This graphic novel is set in a fantastical world that combines the culture of a Southeast Asian live-in gym, a setting suggestive of “One Thousand and One Nights” supersized to mega-city scale, and some novel creative elements of the author-artist’s imagination. The protagonist, Mane, is a fighter who dreams of making it big in the big city. On the bright side, despite the prejudices against him as an outsider, Mane has the drive and talent to be a champion. However, in a universe of single-minded people (professional fighters,) his energies are split between the gym and his desire to fight for social justice.

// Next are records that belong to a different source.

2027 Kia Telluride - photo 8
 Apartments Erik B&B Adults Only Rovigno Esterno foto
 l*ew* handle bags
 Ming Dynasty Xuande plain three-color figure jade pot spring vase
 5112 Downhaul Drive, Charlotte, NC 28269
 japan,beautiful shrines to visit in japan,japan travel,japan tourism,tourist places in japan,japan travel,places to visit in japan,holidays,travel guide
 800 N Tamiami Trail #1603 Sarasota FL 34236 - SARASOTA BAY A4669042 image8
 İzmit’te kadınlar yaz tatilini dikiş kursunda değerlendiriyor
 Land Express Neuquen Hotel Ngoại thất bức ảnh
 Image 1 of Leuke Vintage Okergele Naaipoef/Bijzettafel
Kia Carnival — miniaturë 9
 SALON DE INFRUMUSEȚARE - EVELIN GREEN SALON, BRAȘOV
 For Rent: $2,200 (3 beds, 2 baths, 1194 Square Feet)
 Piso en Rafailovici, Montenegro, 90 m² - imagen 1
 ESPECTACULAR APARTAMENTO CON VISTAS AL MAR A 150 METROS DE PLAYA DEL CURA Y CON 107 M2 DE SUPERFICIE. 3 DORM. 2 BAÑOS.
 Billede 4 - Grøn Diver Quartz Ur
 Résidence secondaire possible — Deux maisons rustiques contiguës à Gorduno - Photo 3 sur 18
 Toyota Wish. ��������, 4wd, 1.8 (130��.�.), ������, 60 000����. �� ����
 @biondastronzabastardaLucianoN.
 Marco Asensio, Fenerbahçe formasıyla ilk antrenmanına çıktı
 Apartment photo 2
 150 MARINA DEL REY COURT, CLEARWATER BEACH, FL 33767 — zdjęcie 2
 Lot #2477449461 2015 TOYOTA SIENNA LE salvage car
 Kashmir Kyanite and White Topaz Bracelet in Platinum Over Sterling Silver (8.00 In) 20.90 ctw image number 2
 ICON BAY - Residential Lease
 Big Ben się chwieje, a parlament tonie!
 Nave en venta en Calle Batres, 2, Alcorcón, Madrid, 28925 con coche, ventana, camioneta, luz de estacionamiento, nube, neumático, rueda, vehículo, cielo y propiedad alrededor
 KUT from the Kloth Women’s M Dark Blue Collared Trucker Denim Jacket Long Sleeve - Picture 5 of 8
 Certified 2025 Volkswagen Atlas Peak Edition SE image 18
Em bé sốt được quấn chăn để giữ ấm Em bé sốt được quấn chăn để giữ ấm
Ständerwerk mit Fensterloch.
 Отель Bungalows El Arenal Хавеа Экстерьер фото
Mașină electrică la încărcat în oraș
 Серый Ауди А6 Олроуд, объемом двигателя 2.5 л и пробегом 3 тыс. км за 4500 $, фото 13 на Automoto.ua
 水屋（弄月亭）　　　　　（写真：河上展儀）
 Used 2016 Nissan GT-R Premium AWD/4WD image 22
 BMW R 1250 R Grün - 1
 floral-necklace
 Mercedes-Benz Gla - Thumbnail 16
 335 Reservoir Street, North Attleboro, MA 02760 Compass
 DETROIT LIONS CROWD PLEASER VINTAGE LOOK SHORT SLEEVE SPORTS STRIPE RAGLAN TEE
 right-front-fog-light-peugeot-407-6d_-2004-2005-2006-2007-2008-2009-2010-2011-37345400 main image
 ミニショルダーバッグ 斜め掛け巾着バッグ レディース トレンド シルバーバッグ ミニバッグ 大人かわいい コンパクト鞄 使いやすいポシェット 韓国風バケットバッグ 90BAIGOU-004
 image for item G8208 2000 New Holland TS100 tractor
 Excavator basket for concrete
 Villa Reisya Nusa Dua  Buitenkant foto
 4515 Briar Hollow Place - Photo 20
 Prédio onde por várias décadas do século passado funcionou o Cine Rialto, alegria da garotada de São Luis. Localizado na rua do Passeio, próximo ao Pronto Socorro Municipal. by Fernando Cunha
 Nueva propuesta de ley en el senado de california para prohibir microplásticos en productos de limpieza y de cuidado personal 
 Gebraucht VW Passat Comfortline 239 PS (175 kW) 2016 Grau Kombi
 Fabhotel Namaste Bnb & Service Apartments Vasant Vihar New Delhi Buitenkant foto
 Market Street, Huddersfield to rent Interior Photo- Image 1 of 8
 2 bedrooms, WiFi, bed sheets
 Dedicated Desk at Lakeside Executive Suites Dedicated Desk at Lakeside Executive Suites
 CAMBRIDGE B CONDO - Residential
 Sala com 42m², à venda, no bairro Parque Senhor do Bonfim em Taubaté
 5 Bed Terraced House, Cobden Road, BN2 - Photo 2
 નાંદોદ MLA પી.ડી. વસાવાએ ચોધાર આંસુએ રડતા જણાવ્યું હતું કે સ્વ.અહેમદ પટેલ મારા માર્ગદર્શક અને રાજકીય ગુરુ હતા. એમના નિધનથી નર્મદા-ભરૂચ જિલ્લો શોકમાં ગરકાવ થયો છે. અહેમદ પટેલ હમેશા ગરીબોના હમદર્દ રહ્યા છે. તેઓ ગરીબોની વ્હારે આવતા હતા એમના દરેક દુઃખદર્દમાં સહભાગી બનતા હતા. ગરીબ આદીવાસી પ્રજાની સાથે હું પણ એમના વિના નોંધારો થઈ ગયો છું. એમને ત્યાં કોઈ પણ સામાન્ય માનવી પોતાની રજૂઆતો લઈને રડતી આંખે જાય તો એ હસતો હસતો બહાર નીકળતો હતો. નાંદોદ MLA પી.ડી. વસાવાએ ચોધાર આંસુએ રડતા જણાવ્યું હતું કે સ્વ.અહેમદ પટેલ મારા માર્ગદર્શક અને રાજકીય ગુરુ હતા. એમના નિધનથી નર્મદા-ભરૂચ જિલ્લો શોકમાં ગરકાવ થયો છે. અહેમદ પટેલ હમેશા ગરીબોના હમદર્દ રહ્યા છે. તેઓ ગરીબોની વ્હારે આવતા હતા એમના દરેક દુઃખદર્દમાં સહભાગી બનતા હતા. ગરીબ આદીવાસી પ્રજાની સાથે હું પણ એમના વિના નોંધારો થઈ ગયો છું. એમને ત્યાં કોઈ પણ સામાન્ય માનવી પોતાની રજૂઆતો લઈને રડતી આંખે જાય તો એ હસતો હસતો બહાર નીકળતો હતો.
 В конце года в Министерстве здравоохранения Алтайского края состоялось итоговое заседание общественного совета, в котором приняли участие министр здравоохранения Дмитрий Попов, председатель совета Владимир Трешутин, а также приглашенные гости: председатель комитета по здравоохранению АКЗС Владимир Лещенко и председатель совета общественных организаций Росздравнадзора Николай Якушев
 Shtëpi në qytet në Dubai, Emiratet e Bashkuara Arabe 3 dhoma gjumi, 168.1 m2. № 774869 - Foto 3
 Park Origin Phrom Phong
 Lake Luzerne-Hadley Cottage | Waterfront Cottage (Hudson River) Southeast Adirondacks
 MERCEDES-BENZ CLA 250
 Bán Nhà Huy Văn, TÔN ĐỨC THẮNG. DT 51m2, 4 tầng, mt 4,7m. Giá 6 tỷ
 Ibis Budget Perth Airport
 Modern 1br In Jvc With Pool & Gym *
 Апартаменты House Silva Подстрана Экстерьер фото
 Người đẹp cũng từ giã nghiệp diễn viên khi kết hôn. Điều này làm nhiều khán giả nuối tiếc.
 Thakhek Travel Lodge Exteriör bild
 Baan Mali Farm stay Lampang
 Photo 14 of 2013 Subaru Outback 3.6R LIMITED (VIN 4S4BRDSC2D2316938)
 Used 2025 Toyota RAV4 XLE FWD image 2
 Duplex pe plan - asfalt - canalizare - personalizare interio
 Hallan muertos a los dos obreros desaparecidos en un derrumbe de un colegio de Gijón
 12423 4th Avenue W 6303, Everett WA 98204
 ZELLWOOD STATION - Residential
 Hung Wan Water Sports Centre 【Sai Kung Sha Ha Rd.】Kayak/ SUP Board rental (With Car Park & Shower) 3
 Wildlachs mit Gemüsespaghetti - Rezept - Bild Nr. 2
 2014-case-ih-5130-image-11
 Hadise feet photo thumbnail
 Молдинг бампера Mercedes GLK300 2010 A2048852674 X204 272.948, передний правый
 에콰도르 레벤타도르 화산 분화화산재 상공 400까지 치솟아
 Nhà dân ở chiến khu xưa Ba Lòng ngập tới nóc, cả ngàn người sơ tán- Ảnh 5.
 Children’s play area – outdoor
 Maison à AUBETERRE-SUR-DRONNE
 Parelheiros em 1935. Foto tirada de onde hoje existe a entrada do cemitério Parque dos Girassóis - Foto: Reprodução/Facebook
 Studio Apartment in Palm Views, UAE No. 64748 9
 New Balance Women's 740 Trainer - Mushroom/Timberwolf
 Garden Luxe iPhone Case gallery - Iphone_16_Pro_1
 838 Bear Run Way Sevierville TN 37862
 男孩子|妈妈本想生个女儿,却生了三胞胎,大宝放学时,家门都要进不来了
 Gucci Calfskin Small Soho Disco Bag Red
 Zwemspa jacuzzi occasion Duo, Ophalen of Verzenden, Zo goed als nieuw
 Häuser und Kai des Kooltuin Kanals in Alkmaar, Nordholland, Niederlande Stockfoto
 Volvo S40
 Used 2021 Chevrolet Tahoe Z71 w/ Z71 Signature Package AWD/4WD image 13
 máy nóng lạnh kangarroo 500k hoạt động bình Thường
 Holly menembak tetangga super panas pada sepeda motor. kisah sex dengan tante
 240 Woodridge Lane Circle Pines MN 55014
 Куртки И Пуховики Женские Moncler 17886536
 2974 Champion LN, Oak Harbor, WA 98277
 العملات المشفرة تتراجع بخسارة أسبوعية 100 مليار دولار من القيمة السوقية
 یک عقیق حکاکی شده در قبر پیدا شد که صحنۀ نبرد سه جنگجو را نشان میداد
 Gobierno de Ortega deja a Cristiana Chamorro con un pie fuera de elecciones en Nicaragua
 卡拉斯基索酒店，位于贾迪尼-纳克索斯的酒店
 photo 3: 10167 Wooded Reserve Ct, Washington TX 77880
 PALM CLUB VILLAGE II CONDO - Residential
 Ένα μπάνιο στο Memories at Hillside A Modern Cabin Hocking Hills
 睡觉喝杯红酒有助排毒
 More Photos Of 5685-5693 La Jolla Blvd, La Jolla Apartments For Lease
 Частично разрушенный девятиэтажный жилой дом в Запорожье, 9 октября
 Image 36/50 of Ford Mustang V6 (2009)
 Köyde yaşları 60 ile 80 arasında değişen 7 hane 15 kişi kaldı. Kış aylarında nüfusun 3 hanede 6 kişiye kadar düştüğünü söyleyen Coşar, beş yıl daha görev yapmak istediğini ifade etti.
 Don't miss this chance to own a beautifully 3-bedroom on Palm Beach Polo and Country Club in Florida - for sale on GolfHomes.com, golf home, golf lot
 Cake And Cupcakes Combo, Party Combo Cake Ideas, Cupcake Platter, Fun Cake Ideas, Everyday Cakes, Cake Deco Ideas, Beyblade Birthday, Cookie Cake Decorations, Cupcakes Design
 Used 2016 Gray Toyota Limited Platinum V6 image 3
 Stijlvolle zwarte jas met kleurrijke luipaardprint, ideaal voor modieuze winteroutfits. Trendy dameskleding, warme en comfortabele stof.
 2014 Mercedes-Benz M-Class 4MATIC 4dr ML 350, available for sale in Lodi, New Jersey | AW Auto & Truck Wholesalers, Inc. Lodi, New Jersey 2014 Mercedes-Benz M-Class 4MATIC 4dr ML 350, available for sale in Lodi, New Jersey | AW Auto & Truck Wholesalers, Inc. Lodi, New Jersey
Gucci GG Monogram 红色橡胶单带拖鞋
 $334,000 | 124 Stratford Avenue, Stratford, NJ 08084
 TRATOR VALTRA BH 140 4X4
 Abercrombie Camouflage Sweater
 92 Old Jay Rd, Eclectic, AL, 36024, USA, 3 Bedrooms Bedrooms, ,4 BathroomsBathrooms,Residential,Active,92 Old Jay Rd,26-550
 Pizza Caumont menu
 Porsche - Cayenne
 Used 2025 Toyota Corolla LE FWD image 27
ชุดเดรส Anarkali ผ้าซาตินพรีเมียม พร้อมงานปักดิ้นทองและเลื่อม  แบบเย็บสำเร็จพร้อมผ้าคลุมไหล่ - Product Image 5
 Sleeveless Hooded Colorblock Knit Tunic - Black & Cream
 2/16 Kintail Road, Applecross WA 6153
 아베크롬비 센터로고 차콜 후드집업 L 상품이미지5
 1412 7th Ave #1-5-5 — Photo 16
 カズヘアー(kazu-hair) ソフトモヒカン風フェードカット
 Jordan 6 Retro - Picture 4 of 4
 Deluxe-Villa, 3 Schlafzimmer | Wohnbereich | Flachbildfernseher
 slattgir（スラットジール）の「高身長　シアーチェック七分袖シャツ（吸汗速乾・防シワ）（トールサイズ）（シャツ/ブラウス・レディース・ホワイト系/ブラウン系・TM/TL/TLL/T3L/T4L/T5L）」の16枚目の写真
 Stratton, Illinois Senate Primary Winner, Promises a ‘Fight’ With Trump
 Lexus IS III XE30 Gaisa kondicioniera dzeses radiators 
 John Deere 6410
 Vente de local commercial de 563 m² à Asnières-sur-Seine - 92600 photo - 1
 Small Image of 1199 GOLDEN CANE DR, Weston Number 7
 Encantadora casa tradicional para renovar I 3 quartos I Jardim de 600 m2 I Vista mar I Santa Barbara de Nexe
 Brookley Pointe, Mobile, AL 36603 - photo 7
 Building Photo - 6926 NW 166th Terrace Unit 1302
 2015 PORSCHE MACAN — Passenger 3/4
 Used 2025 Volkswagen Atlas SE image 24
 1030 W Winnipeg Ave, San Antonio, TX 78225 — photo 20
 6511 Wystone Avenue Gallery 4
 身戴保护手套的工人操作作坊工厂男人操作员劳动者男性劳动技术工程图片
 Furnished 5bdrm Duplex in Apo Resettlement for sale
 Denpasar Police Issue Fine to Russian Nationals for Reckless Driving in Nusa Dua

It turns out that the man leading him into a guerrilla battle against the societal elite, Fessat, is an old intra-gym rival of the gym-owner / coach, Eiam, for whom Mane is fighting.


The story is largely about Mane’s attempts to reconcile these two aspects of himself, and the travails of the bifurcated mentorship he receives from Fessat and Eiam. The fictional martial art of Pankat bears resemblance to Muay Thai / Lethwei / Pradal Serey Southeast Asian style kick-boxing, with a combination of MMA elements to appeal to the present-day reader and some creative details to make it feel more exotic.


For the most part, I found the story and character development compelling. There were some points at which it felt like there was a disjoint between the emotional displays being made and the events at hand. It’s hard to put a finger on what was off, it just felt a bit overwrought at times. Besides a desire to create a visceral story, this is probably meant to reflect Mane’s stress level, but it felt forced at times. It’s also true that Mane is a complex character – at times sympathetic and at other times an impetuous jerk.


If found this book to be enjoyable and engaging.